Due to limited program funding, families struggling to afford housing that manage to get off the waiting list for a Housing Choice Voucher must typically wait for years before receiving a voucher, CBPP analysis of Department of Housing and Urban Development (HUD) data shows. Among the 50 largest housing agencies, only two have average wait times of under a year for families that have made it off of the waiting list; the longest have average wait times of up to eight years. On average nationally, families that received vouchers had spent close to two and a half years on waitlists first, exposing many to homelessness, overcrowding, eviction, and other hardship while they wait. (See the Appendix for data on average wait times by state and among the largest agencies.)
Moreover, these figures understate the unmet need for assistance. Millions of other families eligible for rental assistance never receive it because their names never rise to the top of the waiting list or they live in communities where the housing agency has closed or doesn’t keep a waiting list.

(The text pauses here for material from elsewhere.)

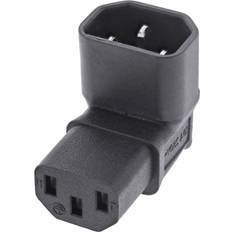 C14 C13 Adapter Höger Vinkel Upp/Ner Svart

Also, because of insufficient funding, local housing agencies often prioritize specific groups for available vouchers such as veterans, working families, or people fleeing domestic violence or experiencing homelessness. Setting priorities in the face of limited funding makes sense, but it means that families that need help paying for housing but fall outside the priority groups may never get assistance. For all of these reasons, an agency’s average wait for people receiving vouchers does not reflect the average wait for someone who puts their names on a waiting list for one.
Significantly expanding the federally funded voucher program, which helps households with low incomes rent a modest unit of their choice in the private market, would help more people access rental assistance when they first need it instead of facing years of hardship. A top priority for policymakers in the upcoming recovery package should be to provide substantial, multi-year funding for new housing vouchers.
The state and local housing agencies that administer the voucher program use virtually all the voucher assistance funds they receive, but a shortage of resources for rental assistance leaves the vast majority of eligible households without aid. In 2019, for example, 2 million households used vouchers to rent housing but more than 16 million unassisted renter households paid more than 30 percent of their income for housing or lived in substandard or overcrowded homes. (The federal government considers housing unaffordable if it exceeds 30 percent of income.) Households on agency waiting lists typically continue to experience homelessness, overcrowding, or other housing insecurity for years before receiving a voucher. And many other households needing vouchers either don’t get on a waitlist — 53 percent of agencies had closed their waiting lists to additional applicants, a 2016 survey found — or drop off without ever obtaining assistance, even after waiting years.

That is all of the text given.